Mike Madden: I think you’re on the right track, I think actually, we could potentially have more benefit come our way depends on what the top line is, I mentioned freight that’s kind of in place. But one other thing to keep in mind is, we’ve been spending most of the back half of this year, kind of prepping our assortment next year with higher initial markups, designed to capture more promotional activity, that will margin out at a higher margin. So with inventory levels coming down, with freight rates coming down, with supply chain just costs in the system coming down, along with an assortment that’s going to be more positioned to handle the type of promotional messaging that we’re engaged in. I think the ups — we could get back to where we were relatively quickly.
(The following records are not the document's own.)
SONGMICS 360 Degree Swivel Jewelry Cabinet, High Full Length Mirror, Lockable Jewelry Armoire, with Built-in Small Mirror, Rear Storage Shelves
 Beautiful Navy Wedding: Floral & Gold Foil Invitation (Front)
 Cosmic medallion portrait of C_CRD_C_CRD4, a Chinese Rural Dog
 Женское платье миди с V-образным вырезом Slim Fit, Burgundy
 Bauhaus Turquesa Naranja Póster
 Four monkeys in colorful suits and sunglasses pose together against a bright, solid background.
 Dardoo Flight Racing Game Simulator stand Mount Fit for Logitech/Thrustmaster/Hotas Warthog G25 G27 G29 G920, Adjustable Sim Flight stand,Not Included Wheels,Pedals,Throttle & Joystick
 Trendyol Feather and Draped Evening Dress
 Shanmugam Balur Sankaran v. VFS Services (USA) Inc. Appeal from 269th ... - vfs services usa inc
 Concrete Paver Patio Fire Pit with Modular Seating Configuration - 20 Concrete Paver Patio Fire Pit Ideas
But again all of that under the heading of caution that says there’s a lot going on in the environment, the consumer is a little bit hard to predict. And the top line sales have a lot to do with where that margins out. So I think structurally, as I mentioned in the comments, the profile of our margins going in the next year is much improved. However you look at it, so it’s a matter of can we take full advantage of it with some sales momentum.
Jeremy Hamblin: Great, understood. Last one real quick for me in terms of your OpEx expectations, as you look to next year, just kind of simply, you’re going to close, I think you said close to 10 locations at the end of this year. In terms of OpEx spend for 2023, would you expect that to be up or down at this point, I mean the visibility you have?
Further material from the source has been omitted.